Urs Hofmeier, directeur général de la Rheinsalinen AG, est prêt à répondre aux questions sur le monopole du sel. Ce modèle est synonyme de santé, de solidarité et de sécurité, dit-il : santé, parce que la population est approvisionnée en iode et en fluor par le sel ; solidarité, parce que la tonne de sel livrée coûte la même chose à toutes les communautés suisses, quelle que soit la distance de transport ; sécurité, parce que les entrepôts de sel nationaux garantissent un approvisionnement ininterrompu.

Comme ces dernières n’ont pas toujours réussi ces dernières années, le plateau de sel a fait l’objet de critiques. C’est la météo qui est en cause. « Chaque fois que le sel de déneigement se faisait rare, on remettait en question la tablette », dit Hofmeier. Le sel de déglaçage représente de loin la plus grande partie de la production. Un bon 350 000 tonnes ont été vendues en Suisse en 2013. Et si le sel s’épuise en hiver, la circulation sera paralysée.
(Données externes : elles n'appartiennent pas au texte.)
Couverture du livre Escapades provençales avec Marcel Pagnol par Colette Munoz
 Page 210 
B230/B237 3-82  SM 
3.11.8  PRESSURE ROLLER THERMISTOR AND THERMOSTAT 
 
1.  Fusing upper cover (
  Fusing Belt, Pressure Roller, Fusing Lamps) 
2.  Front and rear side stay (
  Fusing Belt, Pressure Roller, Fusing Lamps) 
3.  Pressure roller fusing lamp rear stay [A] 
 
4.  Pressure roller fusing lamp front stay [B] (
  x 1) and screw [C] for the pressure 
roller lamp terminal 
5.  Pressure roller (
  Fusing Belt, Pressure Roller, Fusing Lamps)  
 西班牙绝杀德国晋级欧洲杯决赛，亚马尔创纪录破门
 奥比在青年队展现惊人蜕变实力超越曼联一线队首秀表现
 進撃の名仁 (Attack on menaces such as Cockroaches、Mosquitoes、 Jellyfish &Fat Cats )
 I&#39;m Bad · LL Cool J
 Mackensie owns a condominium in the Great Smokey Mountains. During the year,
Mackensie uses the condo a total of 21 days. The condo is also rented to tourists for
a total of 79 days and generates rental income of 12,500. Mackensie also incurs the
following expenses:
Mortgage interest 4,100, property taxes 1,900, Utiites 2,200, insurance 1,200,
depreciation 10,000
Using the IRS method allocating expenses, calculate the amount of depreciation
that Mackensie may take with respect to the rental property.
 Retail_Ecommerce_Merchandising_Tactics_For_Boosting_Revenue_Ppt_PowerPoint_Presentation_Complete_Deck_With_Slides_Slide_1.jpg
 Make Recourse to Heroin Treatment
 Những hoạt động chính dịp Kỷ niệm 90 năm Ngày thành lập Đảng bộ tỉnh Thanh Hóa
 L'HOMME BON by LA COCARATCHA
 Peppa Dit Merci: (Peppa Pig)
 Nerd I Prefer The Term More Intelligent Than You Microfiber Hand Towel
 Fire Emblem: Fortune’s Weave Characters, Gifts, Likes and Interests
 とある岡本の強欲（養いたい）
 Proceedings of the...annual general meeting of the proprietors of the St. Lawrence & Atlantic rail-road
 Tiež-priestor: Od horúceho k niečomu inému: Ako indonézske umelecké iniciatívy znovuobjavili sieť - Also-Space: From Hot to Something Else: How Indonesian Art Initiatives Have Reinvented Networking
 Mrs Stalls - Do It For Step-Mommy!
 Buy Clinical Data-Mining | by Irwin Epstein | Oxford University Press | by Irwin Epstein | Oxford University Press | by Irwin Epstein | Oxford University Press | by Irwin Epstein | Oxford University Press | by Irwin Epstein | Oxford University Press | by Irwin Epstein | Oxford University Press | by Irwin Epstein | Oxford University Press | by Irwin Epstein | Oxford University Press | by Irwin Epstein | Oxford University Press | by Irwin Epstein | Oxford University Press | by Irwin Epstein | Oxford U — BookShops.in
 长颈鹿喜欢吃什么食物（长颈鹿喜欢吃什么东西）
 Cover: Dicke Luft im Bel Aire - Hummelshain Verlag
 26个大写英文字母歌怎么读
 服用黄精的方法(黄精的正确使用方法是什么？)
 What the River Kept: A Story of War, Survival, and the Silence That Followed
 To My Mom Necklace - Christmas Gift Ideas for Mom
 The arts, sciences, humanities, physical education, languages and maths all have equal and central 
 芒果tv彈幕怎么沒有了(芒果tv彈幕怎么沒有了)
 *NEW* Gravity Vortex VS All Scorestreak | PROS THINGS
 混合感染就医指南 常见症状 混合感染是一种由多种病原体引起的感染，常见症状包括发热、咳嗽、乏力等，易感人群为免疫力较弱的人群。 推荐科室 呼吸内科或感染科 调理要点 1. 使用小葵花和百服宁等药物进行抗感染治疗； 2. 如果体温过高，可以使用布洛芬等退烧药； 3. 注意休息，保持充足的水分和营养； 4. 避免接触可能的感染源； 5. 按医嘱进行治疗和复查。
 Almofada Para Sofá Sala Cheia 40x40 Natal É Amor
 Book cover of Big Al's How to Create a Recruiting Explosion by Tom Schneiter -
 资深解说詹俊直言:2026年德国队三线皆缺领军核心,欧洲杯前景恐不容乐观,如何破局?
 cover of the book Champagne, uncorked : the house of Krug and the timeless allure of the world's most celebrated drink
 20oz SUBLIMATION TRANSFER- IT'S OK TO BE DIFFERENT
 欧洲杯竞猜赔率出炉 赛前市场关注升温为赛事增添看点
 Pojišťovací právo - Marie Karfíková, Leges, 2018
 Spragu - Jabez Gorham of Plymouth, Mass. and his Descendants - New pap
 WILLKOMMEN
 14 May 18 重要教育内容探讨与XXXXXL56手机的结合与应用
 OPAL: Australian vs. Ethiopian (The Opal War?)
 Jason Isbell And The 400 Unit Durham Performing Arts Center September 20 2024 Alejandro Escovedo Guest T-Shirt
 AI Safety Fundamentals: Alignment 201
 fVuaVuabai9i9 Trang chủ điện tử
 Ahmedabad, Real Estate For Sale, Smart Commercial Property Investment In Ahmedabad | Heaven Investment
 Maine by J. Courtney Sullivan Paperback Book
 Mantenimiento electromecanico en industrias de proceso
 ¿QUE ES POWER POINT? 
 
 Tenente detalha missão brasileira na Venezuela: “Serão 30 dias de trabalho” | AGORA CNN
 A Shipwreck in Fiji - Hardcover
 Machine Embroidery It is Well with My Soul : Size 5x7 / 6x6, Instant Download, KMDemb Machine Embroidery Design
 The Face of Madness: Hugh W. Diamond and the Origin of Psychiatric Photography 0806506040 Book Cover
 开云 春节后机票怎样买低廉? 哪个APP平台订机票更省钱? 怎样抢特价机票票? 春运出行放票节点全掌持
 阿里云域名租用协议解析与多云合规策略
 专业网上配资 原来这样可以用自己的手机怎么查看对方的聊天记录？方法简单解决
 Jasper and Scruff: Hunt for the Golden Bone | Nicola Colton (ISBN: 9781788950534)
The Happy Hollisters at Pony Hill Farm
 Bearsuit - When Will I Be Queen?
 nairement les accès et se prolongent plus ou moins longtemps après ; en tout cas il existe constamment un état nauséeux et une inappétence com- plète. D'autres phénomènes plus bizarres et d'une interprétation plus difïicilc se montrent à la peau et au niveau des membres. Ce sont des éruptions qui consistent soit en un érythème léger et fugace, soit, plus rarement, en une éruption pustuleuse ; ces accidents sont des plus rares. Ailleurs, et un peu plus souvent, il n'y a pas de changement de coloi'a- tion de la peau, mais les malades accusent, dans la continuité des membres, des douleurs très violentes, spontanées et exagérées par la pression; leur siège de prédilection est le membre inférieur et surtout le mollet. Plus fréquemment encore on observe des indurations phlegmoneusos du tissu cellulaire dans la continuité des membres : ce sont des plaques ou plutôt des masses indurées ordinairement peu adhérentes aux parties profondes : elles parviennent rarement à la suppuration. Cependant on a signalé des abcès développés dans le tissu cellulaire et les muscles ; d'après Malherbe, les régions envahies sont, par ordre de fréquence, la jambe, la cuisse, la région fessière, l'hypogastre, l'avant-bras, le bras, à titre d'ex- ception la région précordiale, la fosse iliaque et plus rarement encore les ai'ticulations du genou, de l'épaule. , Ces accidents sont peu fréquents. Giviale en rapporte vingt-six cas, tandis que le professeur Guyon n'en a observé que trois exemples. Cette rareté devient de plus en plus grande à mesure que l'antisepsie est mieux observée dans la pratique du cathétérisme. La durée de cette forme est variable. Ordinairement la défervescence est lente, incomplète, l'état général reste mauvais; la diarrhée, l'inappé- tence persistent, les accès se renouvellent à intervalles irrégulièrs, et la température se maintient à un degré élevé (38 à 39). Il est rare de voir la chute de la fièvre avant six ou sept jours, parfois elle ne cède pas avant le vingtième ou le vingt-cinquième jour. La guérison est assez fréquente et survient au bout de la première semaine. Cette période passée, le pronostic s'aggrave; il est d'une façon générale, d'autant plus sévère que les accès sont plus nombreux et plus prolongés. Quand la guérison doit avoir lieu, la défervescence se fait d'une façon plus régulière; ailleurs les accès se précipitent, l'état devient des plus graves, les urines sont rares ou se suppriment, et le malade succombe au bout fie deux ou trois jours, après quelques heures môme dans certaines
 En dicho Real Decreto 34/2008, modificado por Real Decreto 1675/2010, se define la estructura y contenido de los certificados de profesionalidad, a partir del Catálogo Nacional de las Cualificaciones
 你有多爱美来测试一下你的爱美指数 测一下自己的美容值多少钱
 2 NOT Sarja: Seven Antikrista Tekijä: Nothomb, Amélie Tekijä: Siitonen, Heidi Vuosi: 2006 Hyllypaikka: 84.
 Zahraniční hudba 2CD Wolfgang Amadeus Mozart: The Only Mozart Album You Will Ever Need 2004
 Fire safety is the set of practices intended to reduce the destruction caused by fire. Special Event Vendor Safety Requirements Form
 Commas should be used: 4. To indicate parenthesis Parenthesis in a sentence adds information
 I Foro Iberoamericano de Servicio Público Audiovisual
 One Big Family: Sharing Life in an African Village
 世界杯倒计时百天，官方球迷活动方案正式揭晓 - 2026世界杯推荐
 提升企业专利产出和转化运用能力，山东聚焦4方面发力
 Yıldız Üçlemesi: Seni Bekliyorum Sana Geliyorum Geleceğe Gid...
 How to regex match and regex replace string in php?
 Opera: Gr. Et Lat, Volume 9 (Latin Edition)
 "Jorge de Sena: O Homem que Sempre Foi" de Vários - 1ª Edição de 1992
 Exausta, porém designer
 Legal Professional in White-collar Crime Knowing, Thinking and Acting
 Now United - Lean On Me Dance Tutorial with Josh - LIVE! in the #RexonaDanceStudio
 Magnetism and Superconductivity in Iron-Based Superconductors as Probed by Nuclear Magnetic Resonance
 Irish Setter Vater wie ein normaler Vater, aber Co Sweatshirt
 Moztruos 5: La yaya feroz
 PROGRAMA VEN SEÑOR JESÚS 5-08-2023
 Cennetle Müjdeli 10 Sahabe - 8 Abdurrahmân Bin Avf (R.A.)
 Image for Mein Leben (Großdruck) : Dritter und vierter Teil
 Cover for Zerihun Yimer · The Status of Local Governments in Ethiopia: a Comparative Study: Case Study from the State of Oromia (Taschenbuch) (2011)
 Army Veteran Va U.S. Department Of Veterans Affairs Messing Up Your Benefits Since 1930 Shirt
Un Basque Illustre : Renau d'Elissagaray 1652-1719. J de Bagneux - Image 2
Hofmeier montre un graphique de la consommation de sel au cours des dernières années. Au-dessus des plus hautes déviations, il y a un petit nuage avec un symbole de gel, dont le premier marque l’hiver du siècle en 1999, suivi de l’hiver du siècle en 2004, et enfin de l’hiver 2009 – l’un plus dur que l’autre. Chaque fois, on a dit que cela n’arrive que tous les 100 ans », explique M. Hofmeier. Et à chaque fois, les réserves de sel se sont épuisées trop tôt.

Au cours de l’hiver 2009/10, les salines du Rhin ont dû attribuer des quotas de sel ; les cantons de montagne dotés d’autoroutes et les régions dotées de grands centres de transport ont été les premiers à être approvisionnés. Cela a contrarié certaines communautés, qui n’étaient pas autorisées à acheter d’autre sel en raison du monopole, mais qui en même temps n’étaient pas suffisamment approvisionnées. Tout appelait à la libéralisation.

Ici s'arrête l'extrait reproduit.